This assumption states that the average evolution of untreated potential outcomes would be the same across all dose groups in the absence of treatment. Under parallel trends, the untreated group provides a valid counterfactual for the path of outcomes that treated units would have experienced without treatment.

Parallel trends is an assumption about untreated potential outcomes \(Y_t(0)\) only. It says nothing about how treated potential outcomes \(Y_t(d)\) for \(d > 0\) evolve across dose groups.

Strong Parallel Trends

A different assumption is required to identify causal response parameters and to make valid comparisons across dose groups.

Assumption 5 (Strong Parallel Trends)

For all \(d \in \mathcal{D}\),

\[\mathbb{E}[Y_{t=2}(d) - Y_{t=1}(0)] = \mathbb{E}[Y_{t=2}(d) - Y_{t=1}(0) | D = d].\]

Under Assumption 3, the right-hand side of this equation is the observed average evolution of outcomes for dose group \(d\).
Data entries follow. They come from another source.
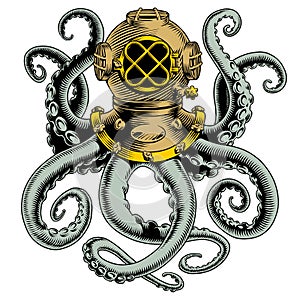 Octopus and vintage diver helmet. Kraken tentacles. T-shirt design, tattoo or label. Comic style vector illustration photo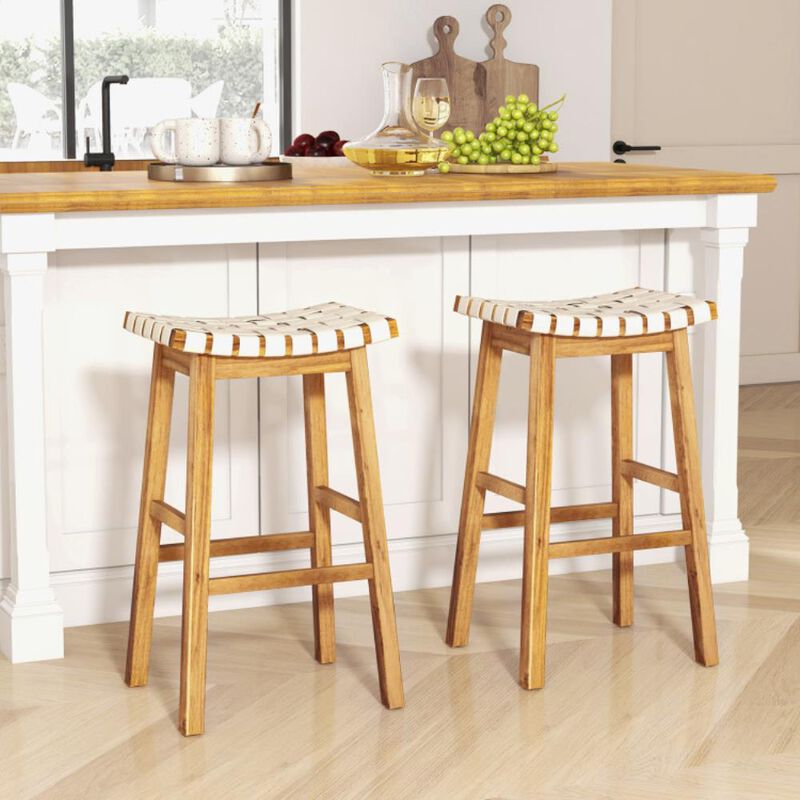 Hivvago Faux PU Leather Bar Stools Set of 2 with Woven Curved Seat Natural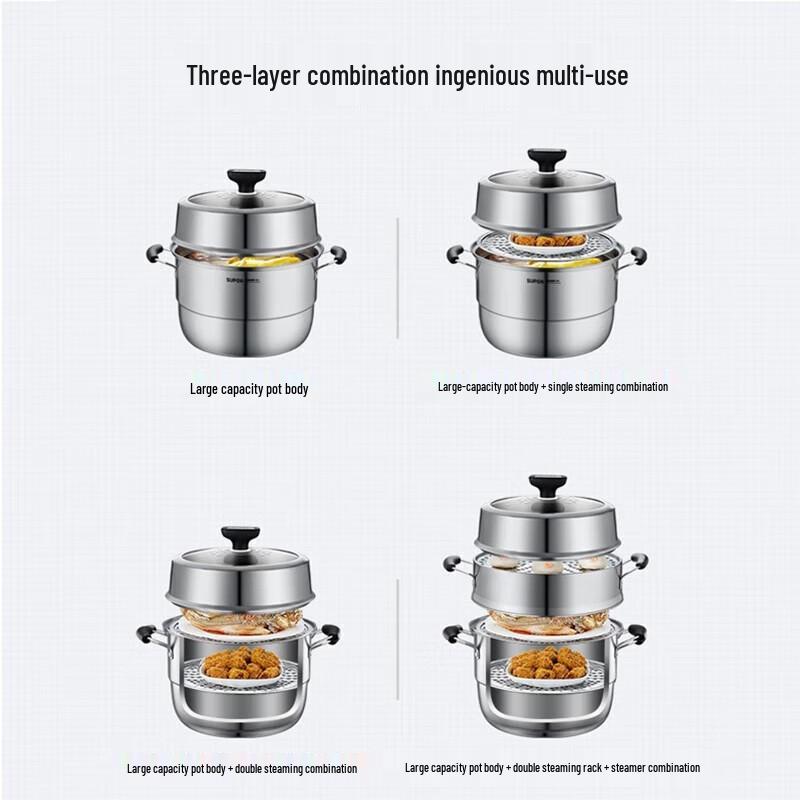 SUPOR 28cm 3-Layer 304 Stainless Steel Steamer Pot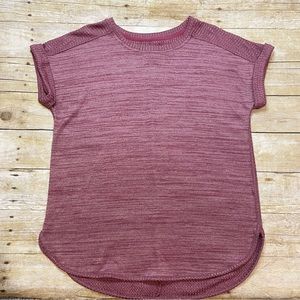 Cupio Burgundy Sweater Cap Sleeve Blouse | M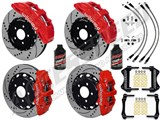 Wilwood SX6R 14" Front & AERO4 Rear Brakes, Red, Drilled, Brake Lines, Fluid 2016-up Camaro SS / 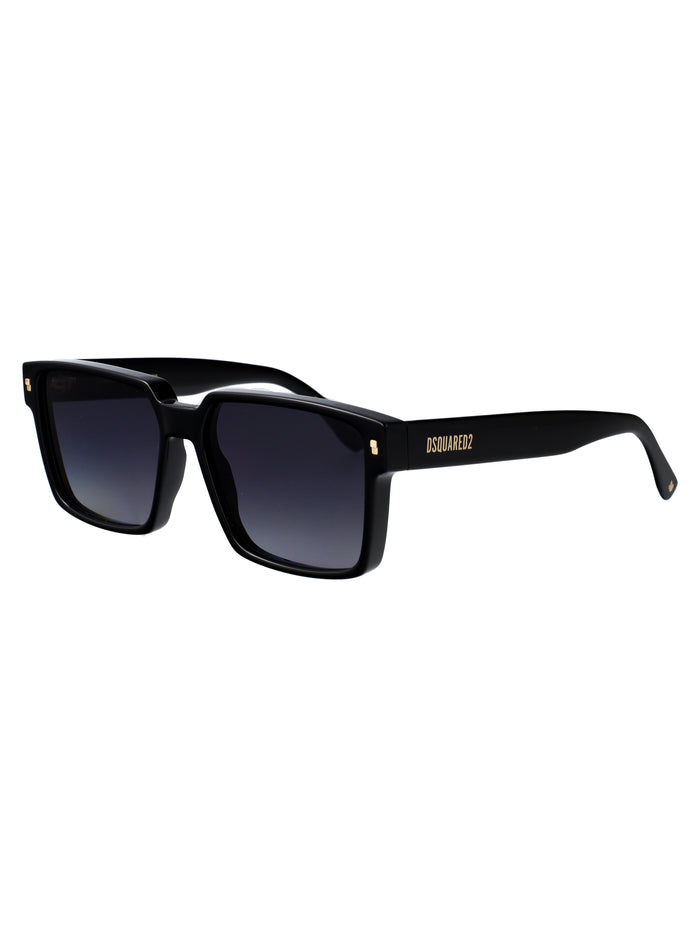 D2 0202-G-S Black Acetate Sunglasses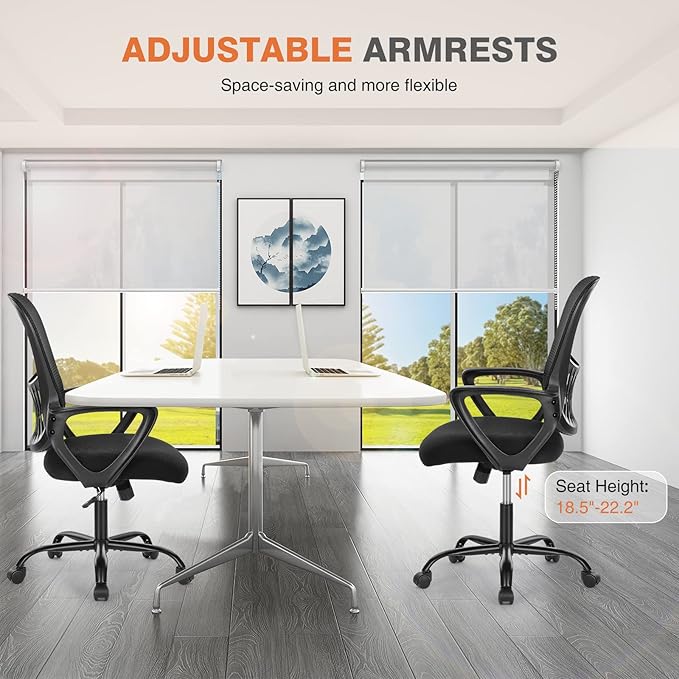 Sweetcrispy Ergonomic Mid-Back Mesh Home Office Desk Chair with Wheels, Lumbar Support, and Comfortable Armrests for Home, Bedroom, Study, Office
Strong parallel trends says that the average evolution of outcomes for the entire population if all experienced dose \(d\) (the left-hand side) equals the path of outcomes that dose group \(d\) actually experienced.

An equivalent characterization under Assumption 4 is that strong parallel trends holds if and only if

\[ATT(d | d) = ATE(d) \quad \text{for all } d \in \mathcal{D}.\]

This means strong parallel trends rules out selection-on-gains into particular dose groups. While this condition does not impose full treatment effect homogeneity, it does ensure that observed outcome changes for each dose group reflect what would have happened to all other groups had they received that dose.

Note

Conventional pre-tests for differential pre-trends cannot distinguish between Assumptions 4 and 5. Because only untreated potential outcomes are observed before treatment, pre-treatment periods cannot test the additional content of strong parallel trends, which necessarily involves treated potential outcomes \(Y_t(d)\) for \(d > 0\).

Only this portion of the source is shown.